Das Tagebuch des Caspar Kruse III, Scharfrichter: Goslar, 3. Juni 1636 – Nächtliche Besprechung

 Die Abendluft hing schwer über Goslar, gesättigt von einer Hitze, die sich selbst nach Sonnenuntergang nicht zurückzog. Es war kein Mond zu sehen, nur der blasse Schein der Sterne hinter einem Schleier von Wolken. Ich hatte mich bereits in mein Arbeitszimmer zurückgezogen, das Messer geschärft und den Wein eingeschenkt, als es erneut an die Tür klopfte — zweimal kurz, einmal lang. Das Zeichen des Rates.
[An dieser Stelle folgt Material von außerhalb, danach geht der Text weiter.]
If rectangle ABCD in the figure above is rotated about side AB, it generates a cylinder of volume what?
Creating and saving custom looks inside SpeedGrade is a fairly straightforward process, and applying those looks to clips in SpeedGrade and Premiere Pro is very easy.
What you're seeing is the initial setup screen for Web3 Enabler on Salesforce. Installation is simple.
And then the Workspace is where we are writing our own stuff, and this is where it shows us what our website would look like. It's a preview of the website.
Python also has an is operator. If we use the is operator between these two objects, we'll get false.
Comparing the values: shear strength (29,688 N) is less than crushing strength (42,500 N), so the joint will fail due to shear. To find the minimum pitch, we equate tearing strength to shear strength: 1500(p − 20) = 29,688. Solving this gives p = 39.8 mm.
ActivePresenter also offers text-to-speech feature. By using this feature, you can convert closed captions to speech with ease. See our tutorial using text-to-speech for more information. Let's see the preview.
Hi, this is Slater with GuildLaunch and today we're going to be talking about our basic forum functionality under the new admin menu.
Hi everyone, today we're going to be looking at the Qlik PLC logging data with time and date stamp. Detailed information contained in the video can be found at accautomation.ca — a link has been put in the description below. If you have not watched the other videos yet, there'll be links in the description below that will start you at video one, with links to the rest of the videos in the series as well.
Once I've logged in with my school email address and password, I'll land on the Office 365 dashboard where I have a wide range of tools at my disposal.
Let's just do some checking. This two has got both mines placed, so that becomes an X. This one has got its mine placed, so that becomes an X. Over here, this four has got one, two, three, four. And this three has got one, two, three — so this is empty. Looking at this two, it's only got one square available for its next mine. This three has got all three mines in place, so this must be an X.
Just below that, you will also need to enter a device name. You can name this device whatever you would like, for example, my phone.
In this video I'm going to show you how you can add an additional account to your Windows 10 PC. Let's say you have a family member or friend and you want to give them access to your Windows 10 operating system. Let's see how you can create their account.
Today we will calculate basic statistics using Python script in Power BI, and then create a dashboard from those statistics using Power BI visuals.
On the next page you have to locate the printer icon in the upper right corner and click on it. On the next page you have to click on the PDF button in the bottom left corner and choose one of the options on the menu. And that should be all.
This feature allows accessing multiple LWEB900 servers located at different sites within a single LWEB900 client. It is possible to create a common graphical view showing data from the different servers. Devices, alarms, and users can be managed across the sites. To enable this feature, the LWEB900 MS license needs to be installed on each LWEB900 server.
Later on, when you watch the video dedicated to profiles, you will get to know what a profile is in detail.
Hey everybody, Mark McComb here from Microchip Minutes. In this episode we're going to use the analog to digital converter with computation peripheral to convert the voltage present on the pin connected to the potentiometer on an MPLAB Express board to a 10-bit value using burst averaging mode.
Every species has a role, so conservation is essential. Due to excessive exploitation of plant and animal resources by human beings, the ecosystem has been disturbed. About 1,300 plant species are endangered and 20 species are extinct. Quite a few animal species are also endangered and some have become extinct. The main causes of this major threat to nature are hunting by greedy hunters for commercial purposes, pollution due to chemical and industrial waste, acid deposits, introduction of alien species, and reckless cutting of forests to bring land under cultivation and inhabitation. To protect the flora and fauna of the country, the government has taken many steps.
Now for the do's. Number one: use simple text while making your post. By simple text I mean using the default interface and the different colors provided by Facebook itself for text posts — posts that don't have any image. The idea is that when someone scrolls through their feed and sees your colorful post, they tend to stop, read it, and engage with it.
Meine Frau blickte von ihrer Strickarbeit auf. Sie sprach kein Wort, doch ihre Finger erstarrten. Wir beide wussten: kein Bote kommt nach Sonnenuntergang wegen einer leichten Angelegenheit.
Auf dem Platz vor dem Rathaus brannten noch einige Fackeln. Die Fenster waren dunkel, bis auf eines. Das Hinterzimmer. Dort, wo man tagt, wenn Niederschriften später verdreht oder vergessen werden sollen.


Der Knecht führte mich schweigend hinein. Der hölzerne Flur roch nach Kerzenwachs und altem Leinen. Im Zimmer saßen drei Männer. Rechts Bürgermeister Cramer, der Jüngste von ihnen, mit nervösen Händen und einem Fleck am Kragen. Daneben der Sekretär, Meister Bode, der seine Gänsefeder nicht gebrauchte, sie aber doch wie ein Dolch hielt. Gegenüber saß der Prediger Heinrich Becker, der mich ansah, als arbeitete ich bereits an meiner Verdammnis.
Sie hatten mich nicht zum Grüßen gerufen.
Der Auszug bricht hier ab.